Reihe Mönchengladbach liest Warum gehörte ich zu denen, die nicht zu Borussia durften?

Mönchengladbach · Steffen Andritzke liest im Fanhaus aus seinem Buch über Fußball, Hooligans, die DDR und die Stasi.

 Steffen Andritzke liest im Fanhaus aus seinem Buch über Fußball, Hooligans, die DDR und die Stasi.

Steffen Andritzke liest im Fanhaus aus seinem Buch über Fußball, Hooligans, die DDR und die Stasi.
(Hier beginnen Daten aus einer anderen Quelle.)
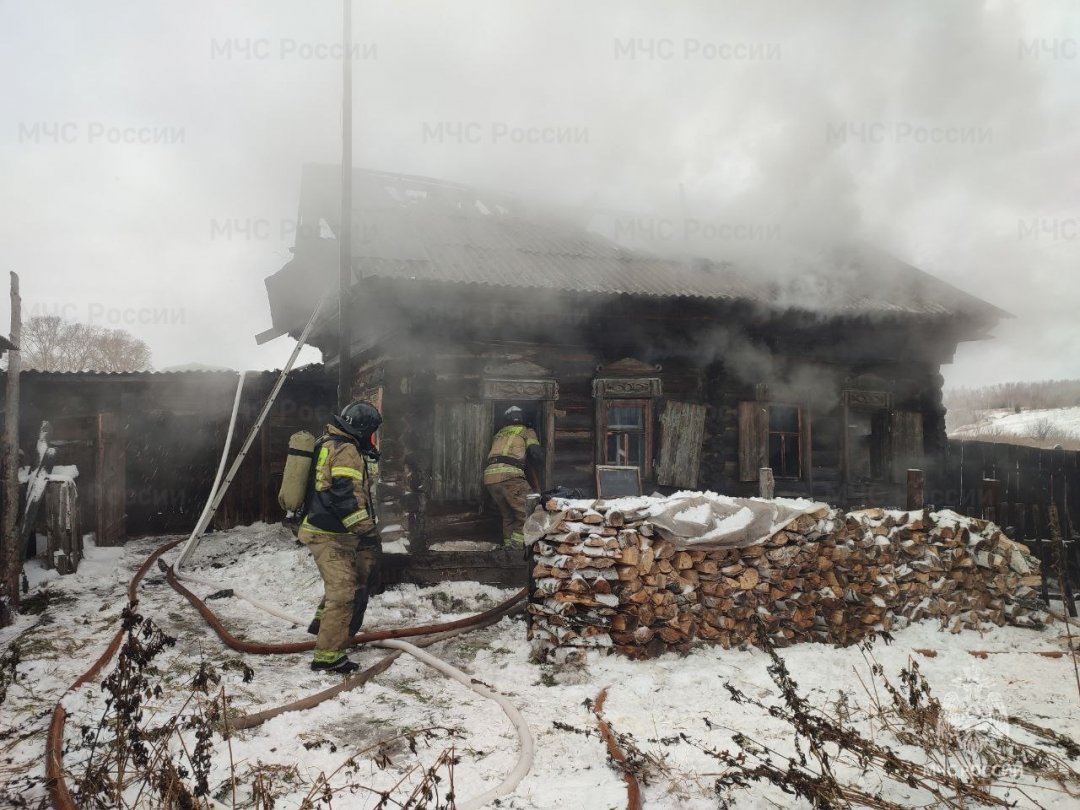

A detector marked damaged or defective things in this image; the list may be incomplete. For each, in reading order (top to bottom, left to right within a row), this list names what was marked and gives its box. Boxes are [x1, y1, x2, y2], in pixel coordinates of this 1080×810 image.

burnt wooden house [259, 166, 1002, 583]
damaged roof [263, 165, 1010, 339]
Foto: Miroslav Menschenkind, kn

Das echte Happy End ist, dass Autor Steffen Andritzke im Fanhaus der Borussia aus seinem biographischen Buch "Kulturstadtbanause" vorliest. Ein Buch über Gladbach, Weimar, Jena, über Hooligans, die DDR und die Stasi kündigt ein Plakat an der Tür zum Fanhaus an und fasst so den Inhalt des wuchtigen Buchs zusammen. Es sind viele Borussia-Fans gekommen, um den Autor vorlesen zu hören. Und auch wenn Andritzke etwas erhöht sitzt und vorträgt, merkt man schnell: Er ist einer von ihnen, und man kennt sich hier.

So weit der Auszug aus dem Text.